Fabian Maurer dark.shadow4@web.de writes:
Hello Alexandre,
thanks for your reply.
It's going to need more work
No problem, if you tell me what needs improvement.
it's not clear how you are going to implement the remaining features with
your approach
What features exactly are you referring to?
Multi-language support, Japanese, Korean, multi-char sequences, surrogates, linguistic mappings, etc.
There are a million things that need to be supported for proper sorting. You don't have to implement them all, but it should be clear from your approach that they can be added. Which in practice means you need to at least prototype most of them.
It also looks very inefficient
Why inefficient? We can't just compare character for character, since the sortkey values don't always align like that. But then again, most strings should get the "early exit", which is a lot cheaper.
For instance you do 10 memory allocations before even starting to compare anything. That's clearly not cheap.
I'd suggest to concentrate on the tests first.
Well, the tests should already cover what's necessary. What do you think is missing?
We only have tests for a very small number of strings, that's clearly not proper coverage. Some way of systematically generating test strings should be considered. Also testing sort keys directly, like you did in the first try (but without depending on the exact values).
Also as already mentioned, you should be working on the latest (Win10)
table, not the one from Win7.
Might have missed that, where was that? As i understood from your last mail, the code needs to test and give the correct results for all windows version, especially win10. But why do we care about which tables are used as long as the results are the same on all windows versions?
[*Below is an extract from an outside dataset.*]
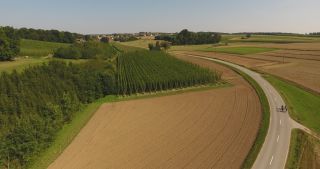 Link to Video | landscape, agriculture, useful plant, summer, Humulus, Germany, color, 4K resolution, 2020, Central Europe, green, aerial shot, August 2020, Hallertau, Bavaria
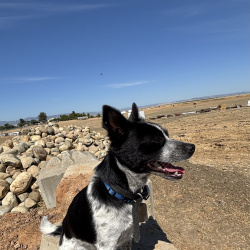 {petName}, a Black, White Jack Russell Terrier Dog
The table version is only relevant when it comes to differences between windows versions. The Win7 table was easier to handle, so I picked that one.
When there are differences between Windows versions we want to use the latest, since that's the one that will continue to work in the future. In this case it means using the most recent table.
Note that we most likely want to use a Windows-compatible NLS file, like we are now using for codepage or normalization tables. I can work on that part.